TokuDB - Merge status files into a single file

Registered by George Ormond Lorch III on 2015-10-20

Tracking here

For each table in TokuDB, there is 1 status/metadata database, 1 primary/main database and 1 database for each index. I propose an in place/dirty merging of theses scattered status files into a single file with the status/metadata for all tables.

Blueprint information

George Ormond Lorch III
Needs approval
George Ormond Lorch III
Series goal:
Accepted for 5.7
Milestone target:
Completed by
George Ormond Lorch III on 2017-03-22

Related branches



The TokuDB status files contain the following information:
- old version
- capabilities flags
- max auto increment
- 'create table' auto increment
- key name
- .frm file data copy
- new version
- cardinality statistics

These files are PerconaFT files and this data is rather small for most tables, usually well under 8K.
For systems with large numbers of tables it can create a bloat in the file system.
Due to the fact that these files are extremely small and contain small amounts of frequently accessed data, they may also cause unnecessary problems for the PerconaFT library as it tries to maintain this mix of tiny nodes and huge nodes in the cachetable.

There are also several unsubstantiated reports of these status files going missing.
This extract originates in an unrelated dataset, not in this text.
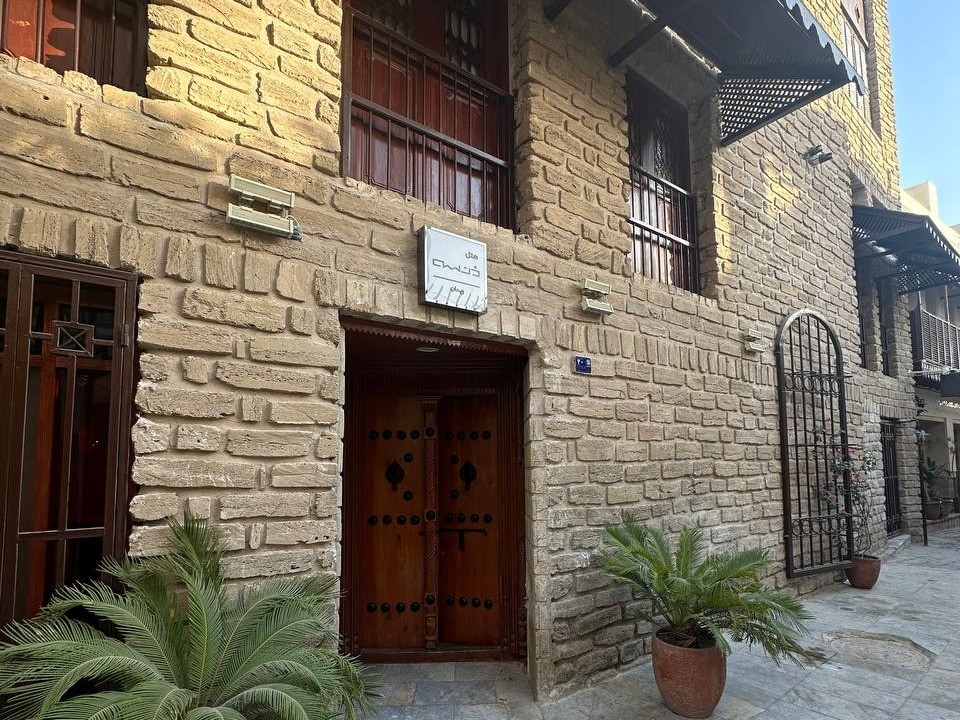 نمای بیرونی ساختمان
There is no direct indication of this being possible within the code, but due to the way these files are handled transactionally I can imagine that it is possible for a crash at just the right time to destroy these files.

I believe that by combining this data into a single PerconaFT file for all tables, we can increase the data locality and selectability within the cachetable and reduce the number of disk files required for TokuDB.
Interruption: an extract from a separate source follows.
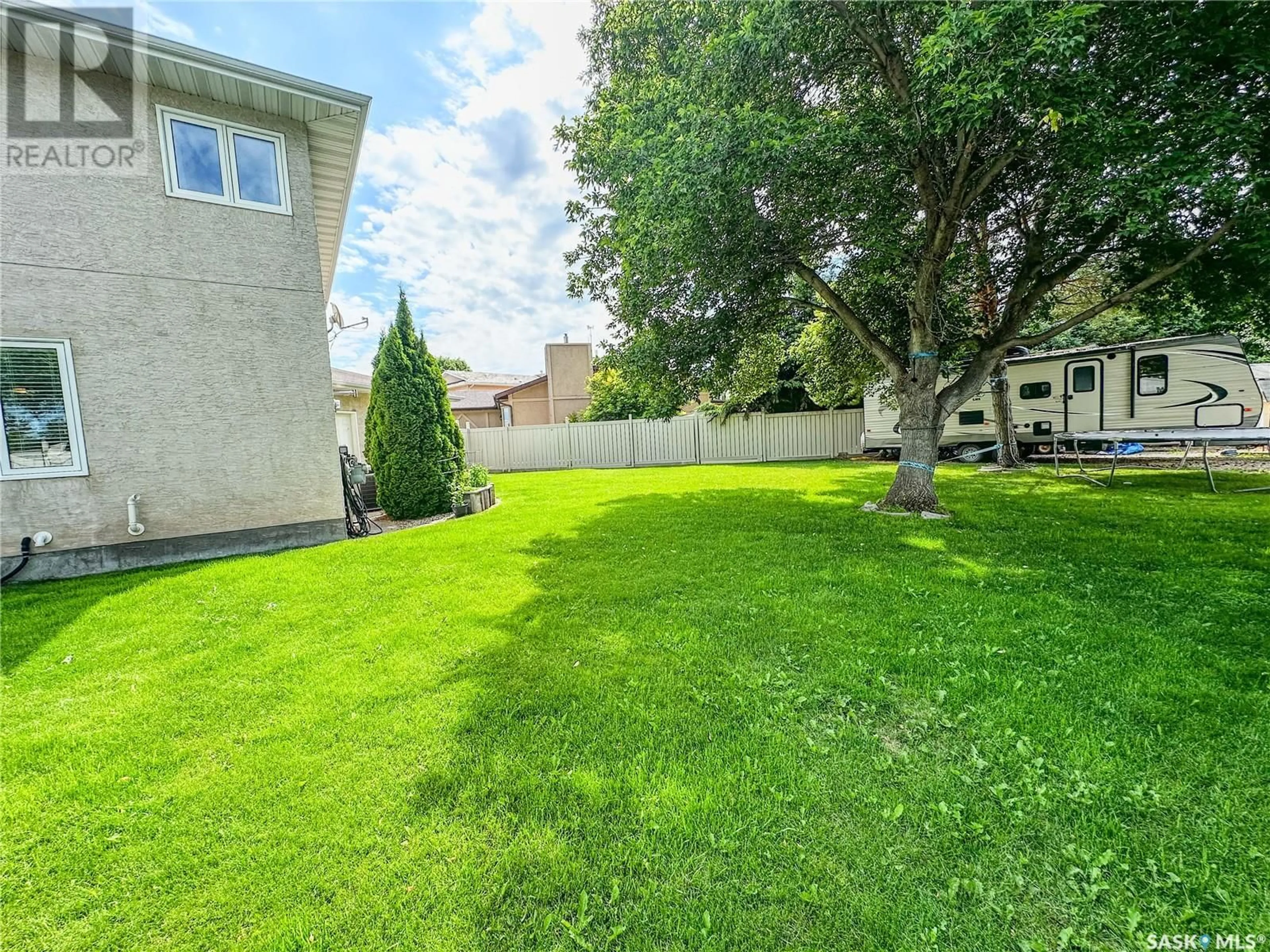 A pic from outside/outdoor area/front of a property/back of a property/a pic from drone, street for 18 SWITZER BAY, Yorkton Saskatchewan S3N1N6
* The current FT key structure for these files is a simple uint `id` or enum of the fields defined above.

* I propose changing the FT key structure to be character array of `id::database::table`

* The current code for managing this data is loosely scattered around the TokuDB code, as part of this I would encapsulate all of this status/metadata functionality into a single class for access/mutation.

* Reading data - when any field values are to be read, we will first check to see if a status file exists, if so, it will be noted for later and the data read from the status file; if not, the data will be read from the new combined metadata file.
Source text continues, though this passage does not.